[Start of section]

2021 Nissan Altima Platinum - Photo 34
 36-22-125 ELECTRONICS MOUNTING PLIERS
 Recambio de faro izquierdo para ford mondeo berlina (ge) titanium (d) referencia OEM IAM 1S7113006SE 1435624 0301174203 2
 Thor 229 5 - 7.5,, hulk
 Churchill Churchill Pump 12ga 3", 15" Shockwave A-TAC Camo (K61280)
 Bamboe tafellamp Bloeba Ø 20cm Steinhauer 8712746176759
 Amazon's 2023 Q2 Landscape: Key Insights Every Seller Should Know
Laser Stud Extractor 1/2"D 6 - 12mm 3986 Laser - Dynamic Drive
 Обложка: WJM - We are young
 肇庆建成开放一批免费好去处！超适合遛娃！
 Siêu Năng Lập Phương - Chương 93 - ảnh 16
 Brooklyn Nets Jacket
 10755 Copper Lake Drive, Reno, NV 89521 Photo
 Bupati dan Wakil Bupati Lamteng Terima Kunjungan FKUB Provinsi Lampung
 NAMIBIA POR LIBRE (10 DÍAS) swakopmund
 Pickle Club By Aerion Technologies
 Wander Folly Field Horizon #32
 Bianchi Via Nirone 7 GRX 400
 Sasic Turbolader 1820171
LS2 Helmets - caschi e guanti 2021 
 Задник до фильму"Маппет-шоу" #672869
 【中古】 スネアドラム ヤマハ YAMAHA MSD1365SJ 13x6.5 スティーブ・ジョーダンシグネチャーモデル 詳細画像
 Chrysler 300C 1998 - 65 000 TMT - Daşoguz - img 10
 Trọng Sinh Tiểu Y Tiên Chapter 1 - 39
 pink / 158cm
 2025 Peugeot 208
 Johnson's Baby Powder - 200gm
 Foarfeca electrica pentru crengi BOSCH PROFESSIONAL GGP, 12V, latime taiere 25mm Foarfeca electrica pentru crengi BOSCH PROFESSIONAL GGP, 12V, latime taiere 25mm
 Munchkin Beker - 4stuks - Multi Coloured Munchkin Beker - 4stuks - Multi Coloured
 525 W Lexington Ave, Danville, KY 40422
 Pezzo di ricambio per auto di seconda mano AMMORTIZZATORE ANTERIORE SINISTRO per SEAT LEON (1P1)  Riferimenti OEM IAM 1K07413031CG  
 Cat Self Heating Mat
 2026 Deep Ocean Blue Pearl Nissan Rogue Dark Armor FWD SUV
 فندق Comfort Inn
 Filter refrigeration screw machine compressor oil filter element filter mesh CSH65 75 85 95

[End of section]

• _ACTIVITY_
In the entries above, how many lines hold the word "Drive"? Answer with the number only.

• _WRITTEN ANSWER_
2